Conflict and drought force more than 50,000 Somalis to flee to Kenya this year

More than 50,000 Somali civilians have fled to Kenya since the beginning of the year to escape continuing fighting and a prolonged drought.

Helping Somalis: Newly arrived refugees wait to register in Dadaab, Kenya. The flow of arrivals shows no signs of slowing.  © UNHCR/E.Hockstein

NAIROBI, Kenya, September 25 (UNHCR) - More than 50,000 Somali civilians have fled to Kenya since the beginning of the year to escape continuing fighting and a prolonged drought.

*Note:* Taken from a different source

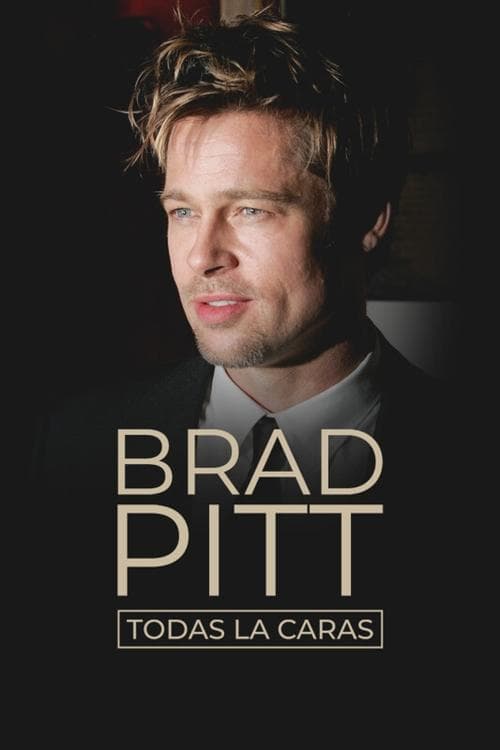 Póster de Brad Pitt: todas las caras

The refugees have been arriving in north-east Kenya at an average rate of 6,400 a month, adding more pressure on the severely stretched facilities and resources in the Dadaab complex of camps, which currently host three times the population they were designed to hold.

In mid-August, UNHCR embarked on a programme aimed at decongesting Dadaab and started the relocation of some 12,900 refugees to Kakuma camp in north-west Kenya. Almost 9,600 refugees have been transported to Kakuma since then, but the camp population in Dadaab remains virtually unchanged. There are now 281,600 Somali refugees there.

A convoy of 13 buses carrying 650 refugees left Dadaab on Wednesday and arrived in Kakuma today. The relocation, which is being implemented by the International Organization for Migration (IOM), is expected to be completed by October 7.

Meanwhile, after a prolonged drought, several parts of Kenya are experiencing torrential rains. Meteorologists have forecast that Kenya will be hit by the El Nino weather phenomenon. This raises fears that the three camps at Dadaab could become heavily flooded in the coming weeks, posing considerable health risks to the refugees.

Inside Somalia, deadly clashes between government forces and rebel groups have forced some 250,000 Somalis out of their homes in the capital, Mogadishu, since May. Most have sought refuge in the Afgooye corridor, some 30 kilometres west of the capital. These makeshift sites are now home to more than 524,000 internally displaced people (IDPs) living in squalid conditions as humanitarian organizations face enormous hurdles in reaching them.

The deteriorating security situation and prolonged drought in Somalia are forcing more people to flee into the neighbouring countries and beyond. Using unscrupulous smugglers, thousands risk their lives and take the perilous journey across the Gulf of Aden and the Red Sea to reach Yemen, or across the Mediterranean Sea to get to Europe.

Not all make it to their destination. Last week, 16 people died and 49 others went missing, presumed drowned in the Gulf of Aden. Since January, a total of 924 boats and more than 46,700 people have made the journey to Yemen from the Horn of Africa. So far this year 322 others are known to have drowned or gone missing at sea.

Somalia is one of the world's biggest refugee and IDP producing countries. UNHCR provides protection and assistance to more than 515,000 Somali refugees in the nearby countries of Kenya, Yemen, Ethiopia, Djibouti and Uganda. The UN estimates that there are 3.8 million Somalis in urgent need of humanitarian assistance, including some 1.5 million IDPs.